Corey Quinn: Welcome to Screaming in the Cloud. I'm Corey Quinn. I am joined today by longtime friend and first time guest somehow, Mike Fiedler. Who is, among other things, an AWS container hero, which is far from the most interesting thing about him. His day job is the PyPI safety and security engineer at the Python Software Foundation.

Mike, thank you for joining me. I'm surprised you could find the time. I thought people were all busy fixing dependency problems.

Mike Fiedler: Thanks for having me, Corey. It's great to be on. I also cannot believe that I've never been on before, but it's great to be here.
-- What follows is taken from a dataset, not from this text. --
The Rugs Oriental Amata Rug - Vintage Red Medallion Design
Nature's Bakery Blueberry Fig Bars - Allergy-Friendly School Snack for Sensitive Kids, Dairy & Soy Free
Sponsor: This episode is sponsored in part by my day job, the Duckbill Group. Do you have a horrifying AWS bill? That can mean a lot of things.

Predicting what it's going to be. Determining what it should be. Negotiating your next long term contract with AWS. Or just figuring out why it increasingly resembles a phone number, but nobody seems to quite know why that is. To learn more, visit duckbillgroup. com. Remember, you can't duck the duck bill, Bill.

And my CEO informs me that is absolutely not our slogan.

Corey Quinn: I have to start here. It's a little bit of a confusing ecosystem, to put it gently. I use Python when I want to get work done. It's very much not something that I've ever really peeked behind the curtains on.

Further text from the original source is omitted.